For: Sea Stories
I was stationed on the USS Orion AS-18 home-ported in Norfolk, Virginia. She was moored on the starboard side of pier 22 as you looked out to the harbor. Pier 22 was located on that part of the Navy complex called Destroyer & Submarine Piers. Captain Bell was the Commanding Officer; LT Walraven was the Weapons Officer; TMCS Dubious was the W-4 Division Leading Chief Petty Officer (LCPO); and TM1 Mike Clifford was the division Leading Petty Officer (LPO) while I was a TM3 in this division when this story developed.
Just outside the gates for the Main Navy Base and D&S piers was what was known universally throughout the Navy as “the strip.” The strip was made up of a collection of businesses whose entire reason for existing were the enlisted sailors on the ships in port. These consisted of a collection bars, tailor shops, tattoo parlors, and locker clubs.
One of the things sailors of this time did was have a second Cracker Jack uniform tailor-made to wear on liberty. This saved your uniform issued in boot camp for personnel inspections. Plus the tailored uniform was custom fit and each jumper had custom designed sewing on the inside; mine was a very elaborate and colorful dragon. Plus each rate had patches that were sewn on the inside of the cuffs of the jumper that stood out when you folded them back on liberty to make you look different from the other sailors. These are called “liberty cuffs” and this tradition exists until this day.
You have to understand that sailors E-6 and below were not allowed to have civilian clothes. When you left the base if you belonged to one of the locker clubs you could go to your locker and change into civilian clothes. I never joined a locker club because everyone could tell you were in the military by your hair cut, especially in those “hippie” days when all the civilian guys had long hair.

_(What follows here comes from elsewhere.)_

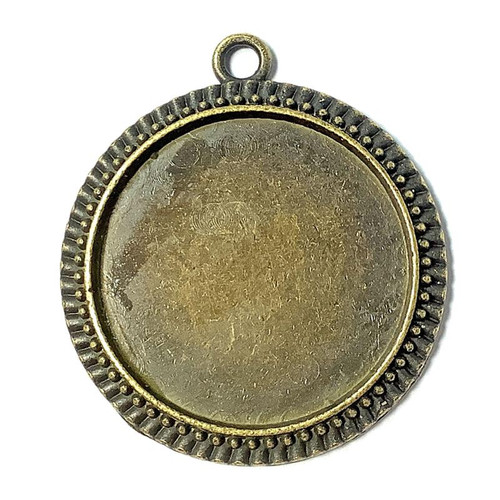 Decorative Round Cabochon Memory Tray Pendants 36x32mm Antique Brass Plated Alloy Q6 Per Pkg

I had gone home on my once-every-two-year visit to Ohio to visit my mother. I do not know about your mother, but I was 21 years old and mine still talked to me, and doted on me like her little boy –which irritated me at the time. Now that I am older and she passed away several years ago, I would gladly have her treating me that way now. When I got home I had hung my uniform on a hanger in the closet and forgotten about it while I wore civilian clothes for those two weeks.
It was about time to go back to the ship and I was packing my sea bag. I pulled my uniform out of the closet to make sure it was ready to go, I screamed, “Mom, what the hell did you do to my jumper?” The back of my jumper had a huge square hole in it were the dragon used to be. My mother liked the dragon in the back of my jumper and had cut it out. She had framed it in a picture frame under glass and placed it on the wall in her bedroom.

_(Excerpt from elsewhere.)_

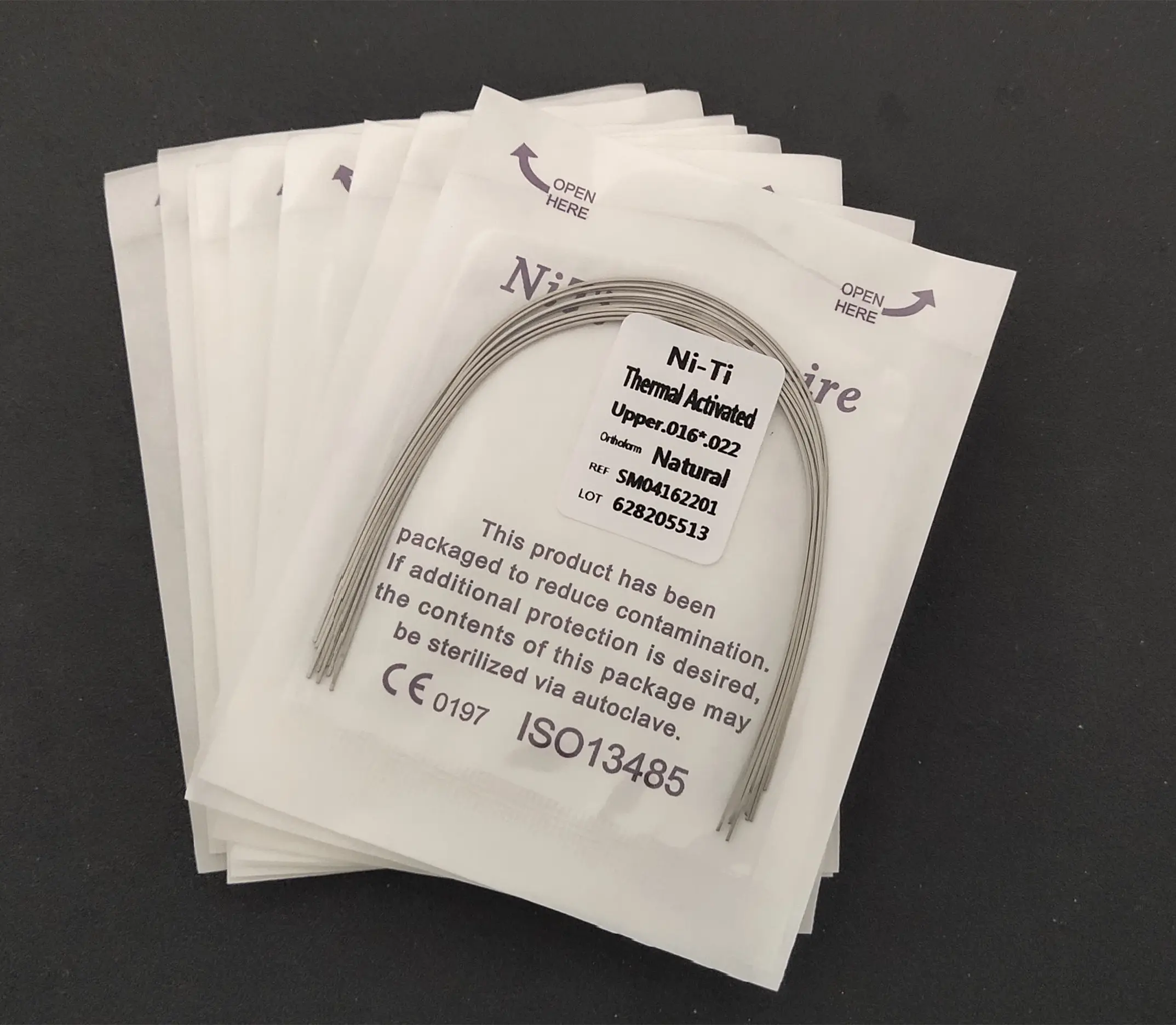 100Pks Dental Niti Heat Thermal Activated Archwires Natural Form Orthodontic Arc Round Rectangular Arch Wires for Teeth Braces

I called TM1 Mike Clifford at his house to tell him what my problem was and asked for help. I had his home number because he and his wife would have TM3 Tom Hubbard and me over for parties and we would watch the kids while they went out once in a while. When I told Mike what she had done he exclaimed, “What the hell did you say she did?” I repeated myself and Mike said, “what can I do for you Craig?” I asked him to contact my tailor and see if he could get me a new jumper by the next night. Mike contacted the tailor who said he had my order form and could have a new jumper ready for me by 5 PM the next day. Mike called me back to give me the good news and arranged to pick me up at the Norfolk airport at 3 PM the next day.

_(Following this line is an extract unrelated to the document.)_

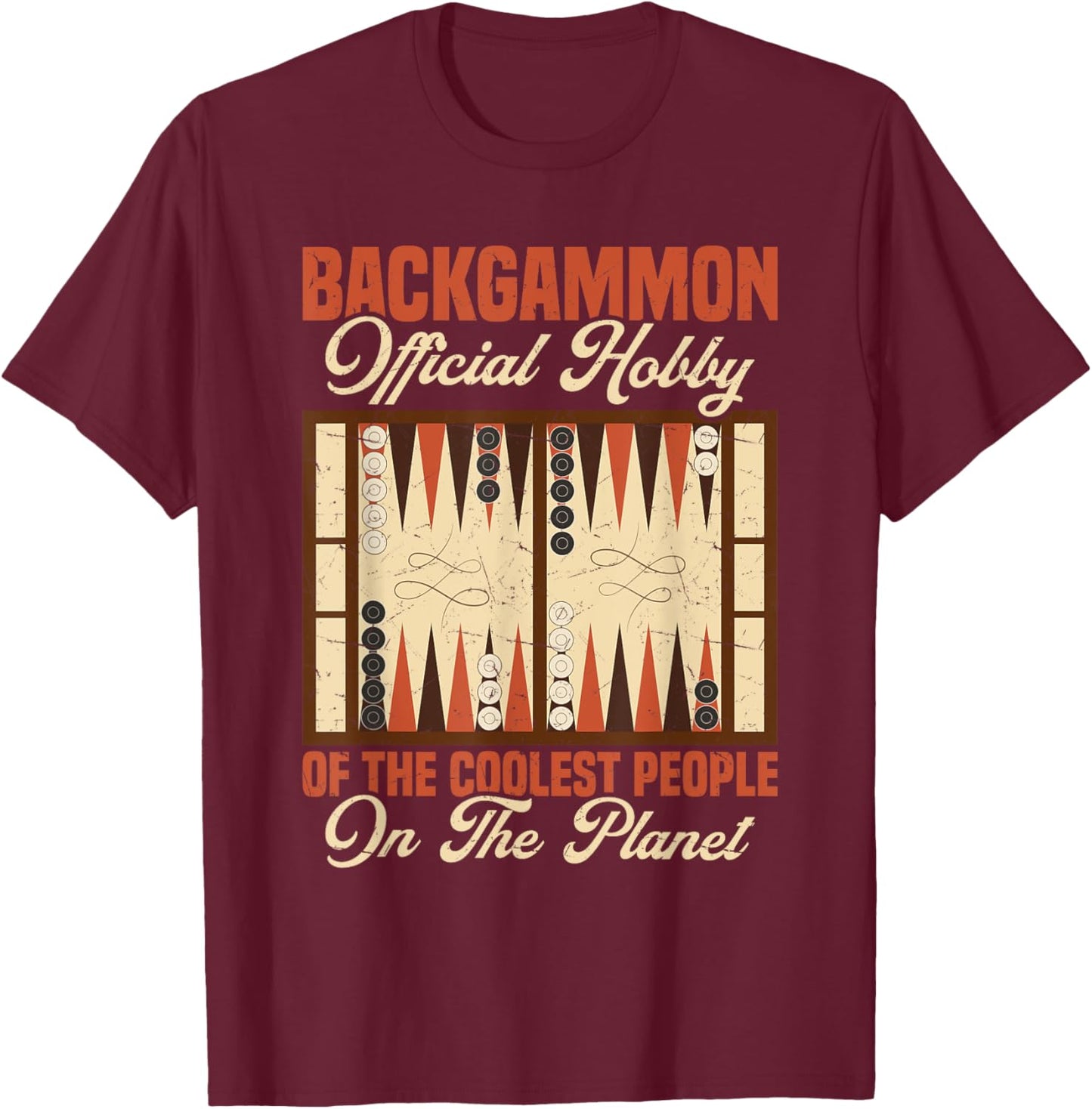 Bacgammon Chips Player Backgammon Travel Set Backgammon T-Shirt - T-Shirt | Maroon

When I landed at the Norfolk airport Mike was waiting. Once I got my sea bag we went to Mike’s car and off we went to the tailor. When we get to the tailor; I paid for the new jumper. The tailor let me change into my uniform in his fitting room. While I was changing, Mike and the Tailor kept laughing about what happened; both saying they had never heard of this ever happening before.
After I changed into my uniform Mike took me to the ship so I could report in.
Mike had saved me from reporting back to the ship out of uniform.
I knew Mike both professionally and as a personal friend until he passed away. He never let me live this down, sometime during our meetings or phone calls he would always say, “Your Mother did what to your uniform?”